*Assignment*.
Go through the material below and count the lines with the string "Natural"; the number is the whole answer.

*Information supplied*.
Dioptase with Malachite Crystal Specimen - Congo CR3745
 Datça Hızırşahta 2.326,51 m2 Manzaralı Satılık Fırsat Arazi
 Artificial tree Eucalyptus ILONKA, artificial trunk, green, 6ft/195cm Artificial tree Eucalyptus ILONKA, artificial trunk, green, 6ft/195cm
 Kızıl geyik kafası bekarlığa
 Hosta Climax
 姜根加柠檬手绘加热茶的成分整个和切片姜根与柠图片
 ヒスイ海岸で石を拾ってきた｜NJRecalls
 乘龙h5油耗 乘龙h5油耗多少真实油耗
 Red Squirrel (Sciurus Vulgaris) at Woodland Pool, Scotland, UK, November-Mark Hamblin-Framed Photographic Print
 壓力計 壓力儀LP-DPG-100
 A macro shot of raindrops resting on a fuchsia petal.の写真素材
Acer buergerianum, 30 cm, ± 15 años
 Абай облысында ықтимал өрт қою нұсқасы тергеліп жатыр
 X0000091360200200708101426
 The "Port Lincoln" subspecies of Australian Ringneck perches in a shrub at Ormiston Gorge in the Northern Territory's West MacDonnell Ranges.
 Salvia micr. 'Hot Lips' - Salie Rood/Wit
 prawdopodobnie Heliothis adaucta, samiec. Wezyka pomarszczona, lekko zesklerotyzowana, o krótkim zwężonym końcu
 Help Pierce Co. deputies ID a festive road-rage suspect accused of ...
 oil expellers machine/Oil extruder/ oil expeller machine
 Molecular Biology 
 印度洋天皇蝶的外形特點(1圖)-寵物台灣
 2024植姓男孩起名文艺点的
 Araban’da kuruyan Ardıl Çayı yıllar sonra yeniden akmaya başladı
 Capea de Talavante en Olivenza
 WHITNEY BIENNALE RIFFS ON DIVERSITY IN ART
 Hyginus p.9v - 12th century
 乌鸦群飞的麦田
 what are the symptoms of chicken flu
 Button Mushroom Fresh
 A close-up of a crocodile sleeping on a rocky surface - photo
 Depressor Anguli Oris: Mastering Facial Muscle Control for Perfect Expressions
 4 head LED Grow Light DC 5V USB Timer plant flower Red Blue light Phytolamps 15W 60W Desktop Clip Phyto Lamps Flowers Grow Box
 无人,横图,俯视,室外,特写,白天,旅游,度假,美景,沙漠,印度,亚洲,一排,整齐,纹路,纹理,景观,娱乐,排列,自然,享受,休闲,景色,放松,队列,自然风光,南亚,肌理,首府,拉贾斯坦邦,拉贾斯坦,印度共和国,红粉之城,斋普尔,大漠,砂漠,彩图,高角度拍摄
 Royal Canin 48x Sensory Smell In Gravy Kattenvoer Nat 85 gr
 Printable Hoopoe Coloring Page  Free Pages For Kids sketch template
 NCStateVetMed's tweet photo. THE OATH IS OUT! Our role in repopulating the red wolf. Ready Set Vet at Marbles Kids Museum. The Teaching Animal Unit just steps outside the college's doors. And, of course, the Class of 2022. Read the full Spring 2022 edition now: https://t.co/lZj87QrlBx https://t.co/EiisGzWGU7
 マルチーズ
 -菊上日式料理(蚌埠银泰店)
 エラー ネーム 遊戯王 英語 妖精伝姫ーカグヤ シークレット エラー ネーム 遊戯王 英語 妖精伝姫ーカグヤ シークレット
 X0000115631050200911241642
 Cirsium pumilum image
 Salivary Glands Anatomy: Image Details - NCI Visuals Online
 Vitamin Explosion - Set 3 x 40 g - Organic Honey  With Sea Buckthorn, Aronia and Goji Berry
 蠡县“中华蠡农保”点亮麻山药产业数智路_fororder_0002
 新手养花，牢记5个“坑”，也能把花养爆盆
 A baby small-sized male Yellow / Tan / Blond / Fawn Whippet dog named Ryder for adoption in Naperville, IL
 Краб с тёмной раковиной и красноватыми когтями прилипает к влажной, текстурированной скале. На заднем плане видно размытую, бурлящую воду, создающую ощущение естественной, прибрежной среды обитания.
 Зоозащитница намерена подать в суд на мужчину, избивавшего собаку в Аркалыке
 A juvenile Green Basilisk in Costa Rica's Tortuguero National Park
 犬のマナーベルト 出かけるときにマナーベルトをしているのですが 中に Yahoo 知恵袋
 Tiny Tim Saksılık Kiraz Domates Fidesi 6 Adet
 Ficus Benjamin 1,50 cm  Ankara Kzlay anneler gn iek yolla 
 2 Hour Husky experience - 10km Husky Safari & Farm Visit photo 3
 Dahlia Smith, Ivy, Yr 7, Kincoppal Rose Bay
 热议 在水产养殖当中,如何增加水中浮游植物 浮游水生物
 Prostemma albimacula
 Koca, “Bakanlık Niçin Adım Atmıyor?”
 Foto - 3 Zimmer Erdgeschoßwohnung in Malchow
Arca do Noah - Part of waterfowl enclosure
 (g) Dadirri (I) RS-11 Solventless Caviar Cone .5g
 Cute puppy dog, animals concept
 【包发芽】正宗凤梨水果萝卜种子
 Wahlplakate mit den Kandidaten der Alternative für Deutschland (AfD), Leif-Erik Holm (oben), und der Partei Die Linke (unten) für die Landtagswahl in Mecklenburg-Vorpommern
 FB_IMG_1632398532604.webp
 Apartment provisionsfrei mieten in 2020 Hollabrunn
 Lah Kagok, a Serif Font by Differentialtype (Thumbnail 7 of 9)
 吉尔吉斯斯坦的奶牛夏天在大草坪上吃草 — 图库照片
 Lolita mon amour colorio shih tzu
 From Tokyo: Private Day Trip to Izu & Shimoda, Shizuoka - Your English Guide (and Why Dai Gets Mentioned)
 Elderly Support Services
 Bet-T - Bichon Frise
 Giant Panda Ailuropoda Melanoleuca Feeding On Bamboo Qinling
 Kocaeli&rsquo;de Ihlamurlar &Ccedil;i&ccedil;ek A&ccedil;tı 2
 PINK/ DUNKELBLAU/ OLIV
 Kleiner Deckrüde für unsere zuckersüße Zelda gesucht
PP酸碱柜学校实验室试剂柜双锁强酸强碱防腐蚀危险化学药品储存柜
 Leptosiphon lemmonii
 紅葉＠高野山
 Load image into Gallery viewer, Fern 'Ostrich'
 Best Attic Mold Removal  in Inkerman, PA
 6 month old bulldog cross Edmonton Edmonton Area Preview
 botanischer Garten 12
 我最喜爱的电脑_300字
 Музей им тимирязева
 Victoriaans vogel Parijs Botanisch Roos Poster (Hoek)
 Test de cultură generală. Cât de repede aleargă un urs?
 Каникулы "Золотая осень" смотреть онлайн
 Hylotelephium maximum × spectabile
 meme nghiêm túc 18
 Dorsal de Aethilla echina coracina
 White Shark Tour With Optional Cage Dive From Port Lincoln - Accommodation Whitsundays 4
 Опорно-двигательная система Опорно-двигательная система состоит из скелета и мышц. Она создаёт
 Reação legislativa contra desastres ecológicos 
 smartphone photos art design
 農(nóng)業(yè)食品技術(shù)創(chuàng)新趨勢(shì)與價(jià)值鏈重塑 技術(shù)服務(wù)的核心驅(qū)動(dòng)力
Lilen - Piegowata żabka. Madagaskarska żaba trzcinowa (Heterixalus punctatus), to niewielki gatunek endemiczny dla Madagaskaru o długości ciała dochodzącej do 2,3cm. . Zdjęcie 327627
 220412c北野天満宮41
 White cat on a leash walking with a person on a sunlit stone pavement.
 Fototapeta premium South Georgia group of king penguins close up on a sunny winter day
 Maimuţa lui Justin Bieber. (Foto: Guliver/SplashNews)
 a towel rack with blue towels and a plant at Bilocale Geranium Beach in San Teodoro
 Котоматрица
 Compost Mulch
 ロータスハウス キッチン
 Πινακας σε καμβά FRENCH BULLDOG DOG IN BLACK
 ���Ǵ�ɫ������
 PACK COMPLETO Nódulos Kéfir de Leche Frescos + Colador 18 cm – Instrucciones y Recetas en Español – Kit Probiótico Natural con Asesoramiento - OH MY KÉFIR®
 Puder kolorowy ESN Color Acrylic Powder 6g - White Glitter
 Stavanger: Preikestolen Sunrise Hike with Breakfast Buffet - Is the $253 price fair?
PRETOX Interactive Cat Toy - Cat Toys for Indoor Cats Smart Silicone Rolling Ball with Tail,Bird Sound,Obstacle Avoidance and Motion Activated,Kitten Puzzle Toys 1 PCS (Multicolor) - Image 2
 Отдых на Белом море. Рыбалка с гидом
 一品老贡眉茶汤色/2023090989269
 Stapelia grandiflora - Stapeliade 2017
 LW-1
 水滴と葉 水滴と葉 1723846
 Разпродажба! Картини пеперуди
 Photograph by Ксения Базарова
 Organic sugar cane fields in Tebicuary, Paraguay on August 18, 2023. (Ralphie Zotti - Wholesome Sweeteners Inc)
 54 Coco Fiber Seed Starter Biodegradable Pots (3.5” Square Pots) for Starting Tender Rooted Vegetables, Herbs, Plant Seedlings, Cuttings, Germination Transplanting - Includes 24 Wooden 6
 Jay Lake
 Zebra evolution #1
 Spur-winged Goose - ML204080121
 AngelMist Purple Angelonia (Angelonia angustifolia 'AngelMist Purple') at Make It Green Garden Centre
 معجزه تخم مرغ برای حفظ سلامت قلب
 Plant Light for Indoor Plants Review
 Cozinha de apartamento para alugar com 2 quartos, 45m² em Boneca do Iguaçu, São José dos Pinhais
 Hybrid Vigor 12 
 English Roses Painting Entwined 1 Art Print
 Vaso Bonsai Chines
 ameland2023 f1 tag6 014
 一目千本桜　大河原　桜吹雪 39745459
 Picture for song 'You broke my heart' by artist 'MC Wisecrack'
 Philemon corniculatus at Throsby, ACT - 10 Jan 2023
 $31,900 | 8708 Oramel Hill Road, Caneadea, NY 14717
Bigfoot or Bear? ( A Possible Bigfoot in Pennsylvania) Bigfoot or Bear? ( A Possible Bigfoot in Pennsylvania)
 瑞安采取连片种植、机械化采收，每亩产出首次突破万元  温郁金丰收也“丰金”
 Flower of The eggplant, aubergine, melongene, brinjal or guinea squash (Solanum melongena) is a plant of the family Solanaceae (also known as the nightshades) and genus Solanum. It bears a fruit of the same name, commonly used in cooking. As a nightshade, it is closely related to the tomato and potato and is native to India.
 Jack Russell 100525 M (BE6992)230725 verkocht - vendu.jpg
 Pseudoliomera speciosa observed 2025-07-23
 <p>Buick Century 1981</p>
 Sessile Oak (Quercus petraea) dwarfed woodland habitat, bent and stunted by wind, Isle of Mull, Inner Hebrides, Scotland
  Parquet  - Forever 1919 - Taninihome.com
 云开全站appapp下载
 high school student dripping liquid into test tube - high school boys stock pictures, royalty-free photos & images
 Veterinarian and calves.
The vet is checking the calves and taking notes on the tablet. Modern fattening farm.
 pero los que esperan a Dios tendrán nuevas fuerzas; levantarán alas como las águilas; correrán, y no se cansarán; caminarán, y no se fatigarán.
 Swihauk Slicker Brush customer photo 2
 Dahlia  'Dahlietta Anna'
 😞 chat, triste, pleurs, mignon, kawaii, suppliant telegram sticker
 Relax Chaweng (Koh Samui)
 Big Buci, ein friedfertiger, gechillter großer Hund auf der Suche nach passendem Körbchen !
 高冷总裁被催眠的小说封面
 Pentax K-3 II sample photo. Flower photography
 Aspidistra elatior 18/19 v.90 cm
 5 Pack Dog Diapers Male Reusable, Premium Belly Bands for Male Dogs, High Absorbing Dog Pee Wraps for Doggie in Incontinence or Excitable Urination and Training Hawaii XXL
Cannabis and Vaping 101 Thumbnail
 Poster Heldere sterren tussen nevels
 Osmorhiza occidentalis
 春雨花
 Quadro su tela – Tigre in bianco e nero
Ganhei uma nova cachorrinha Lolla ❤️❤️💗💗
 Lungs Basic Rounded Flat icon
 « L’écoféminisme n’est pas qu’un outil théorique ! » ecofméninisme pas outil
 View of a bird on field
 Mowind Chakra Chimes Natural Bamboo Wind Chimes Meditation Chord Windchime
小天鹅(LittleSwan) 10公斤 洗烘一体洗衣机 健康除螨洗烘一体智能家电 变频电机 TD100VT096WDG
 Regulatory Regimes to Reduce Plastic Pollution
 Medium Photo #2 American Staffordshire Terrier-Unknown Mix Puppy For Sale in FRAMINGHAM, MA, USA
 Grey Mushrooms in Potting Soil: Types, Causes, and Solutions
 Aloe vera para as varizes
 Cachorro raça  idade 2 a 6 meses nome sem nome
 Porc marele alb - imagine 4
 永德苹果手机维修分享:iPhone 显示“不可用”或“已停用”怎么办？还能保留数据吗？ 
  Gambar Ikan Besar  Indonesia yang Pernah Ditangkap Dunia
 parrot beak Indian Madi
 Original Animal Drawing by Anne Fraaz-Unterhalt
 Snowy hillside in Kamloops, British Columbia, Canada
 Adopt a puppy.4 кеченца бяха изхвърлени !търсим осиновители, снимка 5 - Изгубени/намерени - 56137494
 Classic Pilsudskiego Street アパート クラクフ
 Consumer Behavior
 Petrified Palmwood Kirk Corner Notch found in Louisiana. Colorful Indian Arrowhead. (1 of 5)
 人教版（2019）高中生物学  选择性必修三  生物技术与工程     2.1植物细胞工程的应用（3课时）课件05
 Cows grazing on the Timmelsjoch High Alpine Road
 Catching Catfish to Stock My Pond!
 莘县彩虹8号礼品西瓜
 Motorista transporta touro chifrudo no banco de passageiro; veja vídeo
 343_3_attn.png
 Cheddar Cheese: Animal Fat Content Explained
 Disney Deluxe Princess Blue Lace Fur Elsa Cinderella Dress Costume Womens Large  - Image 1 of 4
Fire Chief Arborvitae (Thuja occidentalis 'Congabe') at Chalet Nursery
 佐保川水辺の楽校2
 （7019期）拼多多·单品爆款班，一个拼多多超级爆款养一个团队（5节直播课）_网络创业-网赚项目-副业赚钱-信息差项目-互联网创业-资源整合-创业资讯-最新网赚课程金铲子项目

*Output of the task*.
2